I have just bought a 2008 Rapido 7066F can anyone tell what Rapido claim is the MIRO weight and what roughly the pay load is
Ray..


----------



## 113016 (Jun 5, 2008)

*Re: Rapido 70066*



Wysiwyg said:


> I have just bought a 2008 Rapido 7066F can anyone tell what Rapido claim is the MIRO weight and what roughly the pay load is
> Ray..


Sorry, Ray, not been funny but you should have asked that prior to buying. It is such an important thing.
Best to fill the water and gas up to about 80%, load Mrs in as well and get the van weighed including your own weight.
Then you will know just how much you can load.
Also while you are at it, weigh just the rear axle and when you have this weight you can deduct it from the full weight and you also have the front axle weight.
Finally, you will now have a rough idea where to position heavy items.

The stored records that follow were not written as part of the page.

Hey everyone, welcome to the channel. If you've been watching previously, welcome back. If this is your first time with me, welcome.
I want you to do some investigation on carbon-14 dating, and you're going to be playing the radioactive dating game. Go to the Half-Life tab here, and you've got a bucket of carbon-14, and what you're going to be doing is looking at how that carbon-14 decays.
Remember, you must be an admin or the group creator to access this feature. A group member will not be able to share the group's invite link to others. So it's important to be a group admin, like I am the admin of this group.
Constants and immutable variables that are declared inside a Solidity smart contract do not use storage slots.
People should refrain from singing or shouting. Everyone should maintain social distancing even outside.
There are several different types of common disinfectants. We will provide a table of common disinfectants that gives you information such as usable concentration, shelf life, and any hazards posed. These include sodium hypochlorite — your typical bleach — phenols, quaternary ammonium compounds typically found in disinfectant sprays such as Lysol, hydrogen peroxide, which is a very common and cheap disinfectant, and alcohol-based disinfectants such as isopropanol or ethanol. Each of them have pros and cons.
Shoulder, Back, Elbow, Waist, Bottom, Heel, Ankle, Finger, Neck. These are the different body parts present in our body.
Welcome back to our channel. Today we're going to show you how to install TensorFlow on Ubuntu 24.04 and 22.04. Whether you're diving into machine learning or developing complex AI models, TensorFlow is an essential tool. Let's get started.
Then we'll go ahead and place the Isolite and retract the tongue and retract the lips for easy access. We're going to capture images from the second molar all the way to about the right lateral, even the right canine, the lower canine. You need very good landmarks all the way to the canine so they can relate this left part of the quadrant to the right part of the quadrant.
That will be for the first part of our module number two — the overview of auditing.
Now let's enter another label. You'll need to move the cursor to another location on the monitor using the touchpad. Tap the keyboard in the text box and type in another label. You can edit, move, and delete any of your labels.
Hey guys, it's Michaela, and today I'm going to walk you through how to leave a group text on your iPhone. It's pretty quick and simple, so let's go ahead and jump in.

Usually, this will be in front of the back axle.
Good luck!


----------



## EJB (Aug 25, 2007)

Your MH should have a plate showing the different weights.
Sometimes there are two....one from the original chassis build and one added by Rapido.
Then check it on a weighbridge as suggested :wink:


----------



## rayc (Jun 3, 2008)

Rapido give a payload of 400kg on a 3500kg MGW. The MIRO of 3100kg is with 90% fuel, gas, fresh water and 78kg for the driver.

From memory, from I when I was speccing them prior to getting one, the 2008 70 series models were given as a MIRO of 3100kg +/- 5%.
It is only my personal opinion but the 70 series on a 3500kg MGW will be very tight to keep legal. 
Anyway perhaps the MIRO is now academic and what you want is a weigh bridge cert in running trim.
ray


----------



## 113016 (Jun 5, 2008)

rayc said:


> Rapido give a payload of 400kg on a 3500kg MGW. The MIRO of 3100kg is with 90% fuel, gas, fresh water and 78kg for the driver.
> 
> From memory, from I when I was speccing them prior to getting one, the 2008 70 series models were given as a MIRO of 3100kg +/- 5%.
> It is only my personal opinion but the 70 series on a 3500kg MGW will be very tight to keep legal.
> ...


Thanks Ray, for reminding me about fuel. I knew there was something I had forgotten, maybe it was due to the fact that I always keep my tank full so as to help stop condensation.
and I said 80%  minus 10 house points 

just looked at Caravan guard and all they mention for MIRO is full fuel tank and a driver at 75 kg. What use is that?

http://www.caravanguard.co.uk/news/how-to-calculate-your-motorhome’s-safe-weight-limits-4104/


----------